(Exercise brief) Return all of the lines below exactly as they are.

(Extracted information)
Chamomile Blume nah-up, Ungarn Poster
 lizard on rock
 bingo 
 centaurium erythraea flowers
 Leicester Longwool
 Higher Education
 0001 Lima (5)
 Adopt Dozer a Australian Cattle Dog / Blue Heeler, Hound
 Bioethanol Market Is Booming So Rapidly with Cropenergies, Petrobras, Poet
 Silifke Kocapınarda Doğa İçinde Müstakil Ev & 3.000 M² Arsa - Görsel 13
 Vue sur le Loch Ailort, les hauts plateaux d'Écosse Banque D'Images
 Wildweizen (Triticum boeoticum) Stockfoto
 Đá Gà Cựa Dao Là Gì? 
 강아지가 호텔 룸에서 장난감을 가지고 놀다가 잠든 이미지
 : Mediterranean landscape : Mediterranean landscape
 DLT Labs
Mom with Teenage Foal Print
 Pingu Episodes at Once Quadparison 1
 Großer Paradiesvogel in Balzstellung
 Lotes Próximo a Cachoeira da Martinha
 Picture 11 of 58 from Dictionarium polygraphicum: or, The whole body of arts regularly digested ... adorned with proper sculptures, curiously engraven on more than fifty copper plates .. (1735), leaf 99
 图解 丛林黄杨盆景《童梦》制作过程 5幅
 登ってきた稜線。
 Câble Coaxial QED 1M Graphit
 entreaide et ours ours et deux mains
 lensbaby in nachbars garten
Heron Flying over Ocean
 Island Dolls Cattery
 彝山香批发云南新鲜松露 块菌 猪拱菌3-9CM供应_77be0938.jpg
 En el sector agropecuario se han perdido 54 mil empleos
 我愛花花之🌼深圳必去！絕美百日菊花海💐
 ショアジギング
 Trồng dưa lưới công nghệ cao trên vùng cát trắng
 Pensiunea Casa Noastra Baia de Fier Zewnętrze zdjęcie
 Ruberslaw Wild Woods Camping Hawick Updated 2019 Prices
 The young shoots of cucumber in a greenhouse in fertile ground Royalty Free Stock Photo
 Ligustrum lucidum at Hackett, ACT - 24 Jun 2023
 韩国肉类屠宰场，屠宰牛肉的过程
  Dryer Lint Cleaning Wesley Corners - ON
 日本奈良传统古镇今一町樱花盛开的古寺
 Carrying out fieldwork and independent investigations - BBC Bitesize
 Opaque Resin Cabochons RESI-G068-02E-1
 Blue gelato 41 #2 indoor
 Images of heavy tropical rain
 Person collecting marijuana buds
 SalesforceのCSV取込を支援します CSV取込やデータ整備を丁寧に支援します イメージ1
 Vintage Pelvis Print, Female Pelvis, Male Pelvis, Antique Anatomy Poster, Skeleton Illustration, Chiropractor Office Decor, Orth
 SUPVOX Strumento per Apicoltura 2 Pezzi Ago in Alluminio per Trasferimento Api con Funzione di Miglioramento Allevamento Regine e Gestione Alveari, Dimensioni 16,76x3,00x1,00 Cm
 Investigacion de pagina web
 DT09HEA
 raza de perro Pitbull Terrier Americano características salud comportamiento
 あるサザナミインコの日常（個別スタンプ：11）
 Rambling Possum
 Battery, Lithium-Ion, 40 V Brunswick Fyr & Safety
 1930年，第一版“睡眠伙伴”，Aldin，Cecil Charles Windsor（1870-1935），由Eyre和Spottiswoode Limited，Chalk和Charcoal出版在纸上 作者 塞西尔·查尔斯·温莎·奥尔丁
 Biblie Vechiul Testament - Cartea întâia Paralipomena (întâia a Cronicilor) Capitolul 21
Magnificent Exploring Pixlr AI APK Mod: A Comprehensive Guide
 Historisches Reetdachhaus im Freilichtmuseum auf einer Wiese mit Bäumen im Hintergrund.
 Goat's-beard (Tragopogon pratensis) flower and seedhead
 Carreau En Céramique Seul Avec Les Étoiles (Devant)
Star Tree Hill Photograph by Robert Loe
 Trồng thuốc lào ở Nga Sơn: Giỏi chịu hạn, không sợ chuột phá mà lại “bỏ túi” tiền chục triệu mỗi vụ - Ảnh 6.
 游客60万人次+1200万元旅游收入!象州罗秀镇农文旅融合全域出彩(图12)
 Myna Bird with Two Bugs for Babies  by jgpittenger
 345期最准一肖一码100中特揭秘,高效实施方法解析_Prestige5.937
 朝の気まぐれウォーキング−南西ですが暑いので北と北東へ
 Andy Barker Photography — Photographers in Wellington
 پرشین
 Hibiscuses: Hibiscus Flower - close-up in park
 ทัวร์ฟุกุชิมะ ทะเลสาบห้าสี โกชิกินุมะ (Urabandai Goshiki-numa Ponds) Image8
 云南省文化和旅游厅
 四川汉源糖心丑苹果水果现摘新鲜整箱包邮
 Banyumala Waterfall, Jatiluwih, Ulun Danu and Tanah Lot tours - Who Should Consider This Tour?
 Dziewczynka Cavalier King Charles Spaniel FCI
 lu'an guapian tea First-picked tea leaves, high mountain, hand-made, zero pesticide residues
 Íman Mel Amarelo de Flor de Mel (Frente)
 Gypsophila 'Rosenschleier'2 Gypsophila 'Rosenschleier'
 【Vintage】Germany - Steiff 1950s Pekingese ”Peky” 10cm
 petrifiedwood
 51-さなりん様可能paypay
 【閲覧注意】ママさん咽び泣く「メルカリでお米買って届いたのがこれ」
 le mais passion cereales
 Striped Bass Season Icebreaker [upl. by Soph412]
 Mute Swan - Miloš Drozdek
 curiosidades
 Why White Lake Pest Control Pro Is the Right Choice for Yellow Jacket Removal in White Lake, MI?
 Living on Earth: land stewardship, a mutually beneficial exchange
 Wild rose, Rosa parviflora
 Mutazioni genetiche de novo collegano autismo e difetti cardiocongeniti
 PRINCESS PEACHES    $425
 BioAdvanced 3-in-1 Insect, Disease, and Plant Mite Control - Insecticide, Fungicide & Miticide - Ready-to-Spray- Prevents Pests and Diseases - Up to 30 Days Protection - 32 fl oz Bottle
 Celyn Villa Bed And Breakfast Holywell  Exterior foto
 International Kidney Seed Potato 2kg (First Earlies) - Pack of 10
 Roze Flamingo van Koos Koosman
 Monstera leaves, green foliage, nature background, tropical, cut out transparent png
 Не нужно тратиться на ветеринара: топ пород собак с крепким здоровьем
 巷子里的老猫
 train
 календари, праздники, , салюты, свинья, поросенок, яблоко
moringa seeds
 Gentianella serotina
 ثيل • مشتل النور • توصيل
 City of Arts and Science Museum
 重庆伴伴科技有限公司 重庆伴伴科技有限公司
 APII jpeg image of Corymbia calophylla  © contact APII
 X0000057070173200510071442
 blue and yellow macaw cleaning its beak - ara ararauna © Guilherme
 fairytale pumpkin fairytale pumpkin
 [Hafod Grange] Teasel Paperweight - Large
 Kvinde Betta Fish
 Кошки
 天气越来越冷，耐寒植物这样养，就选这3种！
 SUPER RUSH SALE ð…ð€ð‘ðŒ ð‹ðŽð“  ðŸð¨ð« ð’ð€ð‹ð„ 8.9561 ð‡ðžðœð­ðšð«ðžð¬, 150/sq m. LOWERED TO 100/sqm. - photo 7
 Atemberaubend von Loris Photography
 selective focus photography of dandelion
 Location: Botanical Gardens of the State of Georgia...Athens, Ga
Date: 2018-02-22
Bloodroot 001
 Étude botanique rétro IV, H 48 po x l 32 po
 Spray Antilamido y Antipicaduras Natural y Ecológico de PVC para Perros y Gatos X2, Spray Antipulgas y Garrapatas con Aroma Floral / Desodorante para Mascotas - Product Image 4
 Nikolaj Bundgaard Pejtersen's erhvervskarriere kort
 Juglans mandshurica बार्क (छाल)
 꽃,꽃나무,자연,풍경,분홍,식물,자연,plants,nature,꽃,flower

(Problem solution)
Chamomile Blume nah-up, Ungarn Poster
 lizard on rock
 bingo 
 centaurium erythraea flowers
 Leicester Longwool
 Higher Education
 0001 Lima (5)
 Adopt Dozer a Australian Cattle Dog / Blue Heeler, Hound
 Bioethanol Market Is Booming So Rapidly with Cropenergies, Petrobras, Poet
 Silifke Kocapınarda Doğa İçinde Müstakil Ev & 3.000 M² Arsa - Görsel 13
 Vue sur le Loch Ailort, les hauts plateaux d'Écosse Banque D'Images
 Wildweizen (Triticum boeoticum) Stockfoto
 Đá Gà Cựa Dao Là Gì? 
 강아지가 호텔 룸에서 장난감을 가지고 놀다가 잠든 이미지
 : Mediterranean landscape : Mediterranean landscape
 DLT Labs
Mom with Teenage Foal Print
 Pingu Episodes at Once Quadparison 1
 Großer Paradiesvogel in Balzstellung
 Lotes Próximo a Cachoeira da Martinha
 Picture 11 of 58 from Dictionarium polygraphicum: or, The whole body of arts regularly digested ... adorned with proper sculptures, curiously engraven on more than fifty copper plates .. (1735), leaf 99
 图解 丛林黄杨盆景《童梦》制作过程 5幅
 登ってきた稜線。
 Câble Coaxial QED 1M Graphit
 entreaide et ours ours et deux mains
 lensbaby in nachbars garten
Heron Flying over Ocean
 Island Dolls Cattery
 彝山香批发云南新鲜松露 块菌 猪拱菌3-9CM供应_77be0938.jpg
 En el sector agropecuario se han perdido 54 mil empleos
 我愛花花之🌼深圳必去！絕美百日菊花海💐
 ショアジギング
 Trồng dưa lưới công nghệ cao trên vùng cát trắng
 Pensiunea Casa Noastra Baia de Fier Zewnętrze zdjęcie
 Ruberslaw Wild Woods Camping Hawick Updated 2019 Prices
 The young shoots of cucumber in a greenhouse in fertile ground Royalty Free Stock Photo
 Ligustrum lucidum at Hackett, ACT - 24 Jun 2023
 韩国肉类屠宰场，屠宰牛肉的过程
  Dryer Lint Cleaning Wesley Corners - ON
 日本奈良传统古镇今一町樱花盛开的古寺
 Carrying out fieldwork and independent investigations - BBC Bitesize
 Opaque Resin Cabochons RESI-G068-02E-1
 Blue gelato 41 #2 indoor
 Images of heavy tropical rain
 Person collecting marijuana buds
 SalesforceのCSV取込を支援します CSV取込やデータ整備を丁寧に支援します イメージ1
 Vintage Pelvis Print, Female Pelvis, Male Pelvis, Antique Anatomy Poster, Skeleton Illustration, Chiropractor Office Decor, Orth
 SUPVOX Strumento per Apicoltura 2 Pezzi Ago in Alluminio per Trasferimento Api con Funzione di Miglioramento Allevamento Regine e Gestione Alveari, Dimensioni 16,76x3,00x1,00 Cm
 Investigacion de pagina web
 DT09HEA
 raza de perro Pitbull Terrier Americano características salud comportamiento
 あるサザナミインコの日常（個別スタンプ：11）
 Rambling Possum
 Battery, Lithium-Ion, 40 V Brunswick Fyr & Safety
 1930年，第一版“睡眠伙伴”，Aldin，Cecil Charles Windsor（1870-1935），由Eyre和Spottiswoode Limited，Chalk和Charcoal出版在纸上 作者 塞西尔·查尔斯·温莎·奥尔丁
 Biblie Vechiul Testament - Cartea întâia Paralipomena (întâia a Cronicilor) Capitolul 21
Magnificent Exploring Pixlr AI APK Mod: A Comprehensive Guide
 Historisches Reetdachhaus im Freilichtmuseum auf einer Wiese mit Bäumen im Hintergrund.
 Goat's-beard (Tragopogon pratensis) flower and seedhead
 Carreau En Céramique Seul Avec Les Étoiles (Devant)
Star Tree Hill Photograph by Robert Loe
 Trồng thuốc lào ở Nga Sơn: Giỏi chịu hạn, không sợ chuột phá mà lại “bỏ túi” tiền chục triệu mỗi vụ - Ảnh 6.
 游客60万人次+1200万元旅游收入!象州罗秀镇农文旅融合全域出彩(图12)
 Myna Bird with Two Bugs for Babies  by jgpittenger
 345期最准一肖一码100中特揭秘,高效实施方法解析_Prestige5.937
 朝の気まぐれウォーキング−南西ですが暑いので北と北東へ
 Andy Barker Photography — Photographers in Wellington
 پرشین
 Hibiscuses: Hibiscus Flower - close-up in park
 ทัวร์ฟุกุชิมะ ทะเลสาบห้าสี โกชิกินุมะ (Urabandai Goshiki-numa Ponds) Image8
 云南省文化和旅游厅
 四川汉源糖心丑苹果水果现摘新鲜整箱包邮
 Banyumala Waterfall, Jatiluwih, Ulun Danu and Tanah Lot tours - Who Should Consider This Tour?
 Dziewczynka Cavalier King Charles Spaniel FCI
 lu'an guapian tea First-picked tea leaves, high mountain, hand-made, zero pesticide residues
 Íman Mel Amarelo de Flor de Mel (Frente)
 Gypsophila 'Rosenschleier'2 Gypsophila 'Rosenschleier'
 【Vintage】Germany - Steiff 1950s Pekingese ”Peky” 10cm
 petrifiedwood
 51-さなりん様可能paypay
 【閲覧注意】ママさん咽び泣く「メルカリでお米買って届いたのがこれ」
 le mais passion cereales
 Striped Bass Season Icebreaker [upl. by Soph412]
 Mute Swan - Miloš Drozdek
 curiosidades
 Why White Lake Pest Control Pro Is the Right Choice for Yellow Jacket Removal in White Lake, MI?
 Living on Earth: land stewardship, a mutually beneficial exchange
 Wild rose, Rosa parviflora
 Mutazioni genetiche de novo collegano autismo e difetti cardiocongeniti
 PRINCESS PEACHES    $425
 BioAdvanced 3-in-1 Insect, Disease, and Plant Mite Control - Insecticide, Fungicide & Miticide - Ready-to-Spray- Prevents Pests and Diseases - Up to 30 Days Protection - 32 fl oz Bottle
 Celyn Villa Bed And Breakfast Holywell  Exterior foto
 International Kidney Seed Potato 2kg (First Earlies) - Pack of 10
 Roze Flamingo van Koos Koosman
 Monstera leaves, green foliage, nature background, tropical, cut out transparent png
 Не нужно тратиться на ветеринара: топ пород собак с крепким здоровьем
 巷子里的老猫
 train
 календари, праздники, , салюты, свинья, поросенок, яблоко
moringa seeds
 Gentianella serotina
 ثيل • مشتل النور • توصيل
 City of Arts and Science Museum
 重庆伴伴科技有限公司 重庆伴伴科技有限公司
 APII jpeg image of Corymbia calophylla  © contact APII
 X0000057070173200510071442
 blue and yellow macaw cleaning its beak - ara ararauna © Guilherme
 fairytale pumpkin fairytale pumpkin
 [Hafod Grange] Teasel Paperweight - Large
 Kvinde Betta Fish
 Кошки
 天气越来越冷，耐寒植物这样养，就选这3种！
 SUPER RUSH SALE ð…ð€ð‘ðŒ ð‹ðŽð“  ðŸð¨ð« ð’ð€ð‹ð„ 8.9561 ð‡ðžðœð­ðšð«ðžð¬, 150/sq m. LOWERED TO 100/sqm. - photo 7
 Atemberaubend von Loris Photography
 selective focus photography of dandelion
 Location: Botanical Gardens of the State of Georgia...Athens, Ga
Date: 2018-02-22
Bloodroot 001
 Étude botanique rétro IV, H 48 po x l 32 po
 Spray Antilamido y Antipicaduras Natural y Ecológico de PVC para Perros y Gatos X2, Spray Antipulgas y Garrapatas con Aroma Floral / Desodorante para Mascotas - Product Image 4
 Nikolaj Bundgaard Pejtersen's erhvervskarriere kort
 Juglans mandshurica बार्क (छाल)
 꽃,꽃나무,자연,풍경,분홍,식물,자연,plants,nature,꽃,flower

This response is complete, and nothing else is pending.